But in almost all the particulars, you can find signs that this job market is weaker than it appeared just a few months ago, and maybe getting worse. The drop in the unemployment rate was caused by 312,000 people dropping out of the labor force. The number of people actually reporting having a job actually fell by 115,000 in the survey on which the unemployment rate is based.
And while the overall August jobs number was okay, the Labor Department revised down its estimates of June and July job creation by a combined 74,000 positions. In other words, through the summer, hiring has been quite a bit shakier than it had appeared.
Jobs numbers ebb and jobs numbers flow, and as always, it would be unwise to make too much of one report. But this one has enough signs of weakness embedded in enough places that it has to make economy-watchers -- including those at the Federal Reserve who meet in less than two weeks -- reassess their confidence that a solid, steady jobs recovery is underway.
Consider this: The nation has averaged 148,000 new jobs a month for the last three months. The number was 160,000 for the last six months, and 184,000 a month over the last year. That looks to me like a downward trend, no two ways about it. It's certainly not the gradual acceleration that most mainstream economists have forecast as 2013 advances and the impact of tighter fiscal policy fades.

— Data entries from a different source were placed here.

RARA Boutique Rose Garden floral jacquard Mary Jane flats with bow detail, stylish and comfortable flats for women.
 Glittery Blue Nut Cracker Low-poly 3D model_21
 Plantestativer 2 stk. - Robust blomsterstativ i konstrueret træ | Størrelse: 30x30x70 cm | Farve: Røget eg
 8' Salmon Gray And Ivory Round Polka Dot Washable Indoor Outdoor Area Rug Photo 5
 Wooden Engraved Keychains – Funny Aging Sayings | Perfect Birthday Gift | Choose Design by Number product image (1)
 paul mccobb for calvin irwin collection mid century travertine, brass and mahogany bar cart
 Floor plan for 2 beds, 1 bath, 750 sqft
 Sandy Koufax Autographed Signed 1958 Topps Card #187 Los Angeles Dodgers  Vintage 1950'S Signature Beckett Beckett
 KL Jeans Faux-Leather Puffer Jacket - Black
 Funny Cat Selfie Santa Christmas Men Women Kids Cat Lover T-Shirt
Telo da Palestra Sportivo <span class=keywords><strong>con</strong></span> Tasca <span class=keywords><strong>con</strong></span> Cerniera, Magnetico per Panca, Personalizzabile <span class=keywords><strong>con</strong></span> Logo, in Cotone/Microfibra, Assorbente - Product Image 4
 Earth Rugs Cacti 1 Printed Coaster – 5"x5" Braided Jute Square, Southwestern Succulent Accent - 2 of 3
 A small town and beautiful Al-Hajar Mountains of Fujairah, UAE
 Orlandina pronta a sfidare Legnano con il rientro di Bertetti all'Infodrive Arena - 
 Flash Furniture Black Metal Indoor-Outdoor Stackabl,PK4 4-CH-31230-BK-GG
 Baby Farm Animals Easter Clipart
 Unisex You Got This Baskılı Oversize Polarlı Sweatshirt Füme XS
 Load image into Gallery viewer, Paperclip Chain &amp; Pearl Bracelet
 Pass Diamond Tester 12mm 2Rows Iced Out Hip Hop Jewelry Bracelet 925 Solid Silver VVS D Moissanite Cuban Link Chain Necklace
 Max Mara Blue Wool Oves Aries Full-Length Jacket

Want another sign? The proportion of the U.S. population that had a job in August was 58.6 percent. Six months earlier, the number was a whopping -- wait for it -- 58.6 percent. The year is nearly three-quarters over, and the economy isn't growing fast enough to put a higher proportion of its citizens back to work.
You don't have to squint hard to see evidence that the "nice, steady improvement" theme that has been the conventional wisdom is missing part of the story.
That is particularly relevant for Chairman Ben Bernanke and his colleagues at the Fed. The central bank has been expected to start pulling back on the pace of its $85 billion-a-month in bond purchases at its meeting Sept. 17-18. The Fed's entire plan for winding down its "QE" policies, which it planned to conclude in the middle of next year, has been dependent on steady improvement in the jobs market.
That such a jobs recovery may not materialize has to make them at least think twice, maybe three times, about pulling the trigger on the so-called taper at this policy committee meeting. Adding to the case for waiting is a looming fiscal standoff and rising oil prices set off by the conflict in Syria, which is heightening geopolitical worries.
This report may not be definitive, but it's enough to spur a reassessment of how robust this recovery is, and how much confidence any of us have in that view.